Showing her newly bought paper containers, Perdon said she used to buy Styrofoam cups for P17 to P20 per 50 pieces. Now, she has to shell out P60 pesos to buy the same number of paper-made containers.

“The huge difference in prices has even caused other vendors to quit business,” she further claimed, adding her market budget has spiked from P500 to P800.

A group of fish vendors who declined to be identified said they “lost a big portion of their earnings” due to the ban. “Our kids sell plastic bags every weekend for their pocket money during school days. But they were forced to stop because it’s no longer allowed and we do not like to be fined,” one woman vendor said.

Some shoppers said they will no longer patronize the malls and markets in Muntinlupa because they have to buy or provide cloth bags to carry the goods they purchase. They said the mall owners themselves have to provide alternatives to plastic bags, at no charge, to consumers.

“This does not even answer how we are going to transport the fish we buy. If you don’t use plastic bags for wet goods, what are you going to use? A bayong? It takes a lot of water to clean it, and that doesn’t make it environment-friendly. Why punish consumers who wish to buy fresh meat, poultry or fish?” a woman shopper said.

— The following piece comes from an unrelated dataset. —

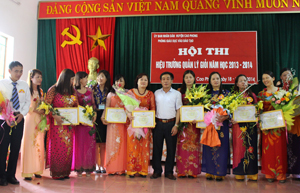 Lãnh đạo UBND huyện Cao Phong trao giải cho các thí sinh tại hội thi hiệu trưởng quản lý giỏi cấp tiểu học năm học 2013 – 2014.


Another buyer asked who else would benefit from the citywide ban, aside from those selling “environment-friendly” bags.
Mayor Aldrin San Pedro said the local government is creating ways to provide cheaper bags for its residents - the Organisasyong Kababaihan ng Muntinlupa, an organization led by his wife, Leah, sells bayong made of water lilies for P50 to P60 each. He said the ordinance has provided jobs to unemployed women and funded the organization’s projects.

San Pedro belittled complaints that the ordinance would burden consumers.

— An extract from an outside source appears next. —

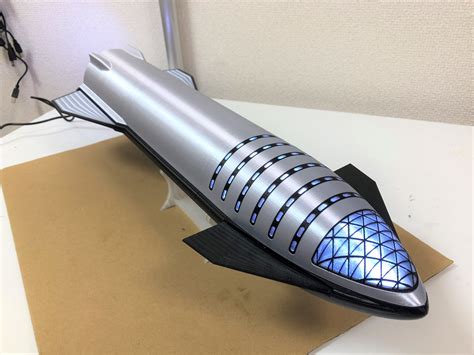 Spacex Starship Model Kit With Litghts And Moving Fins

“They can bring their own bags. They are not being obliged to purchase these products. I’m sure they have extra bags at home. This is a minor burden to consumers as compared to bad effects of plastic in the environment,” he said.

San Pedro debunked criticisms that the ordinance was pro-rich. “How can it be pro-rich when the victims of the floods are the poor and not those who live in Ayala Alabang? It’s the poor that we are protecting here,” he said

He also said when typhoon “Ondoy” inundated Metro Manila last year, eight of their barangays were submerged under floodwaters. The government, he said, had to shell out P2.3 million to declog drainage systems, waterways, and rivers – when the fund could have spent for pro-poor programs.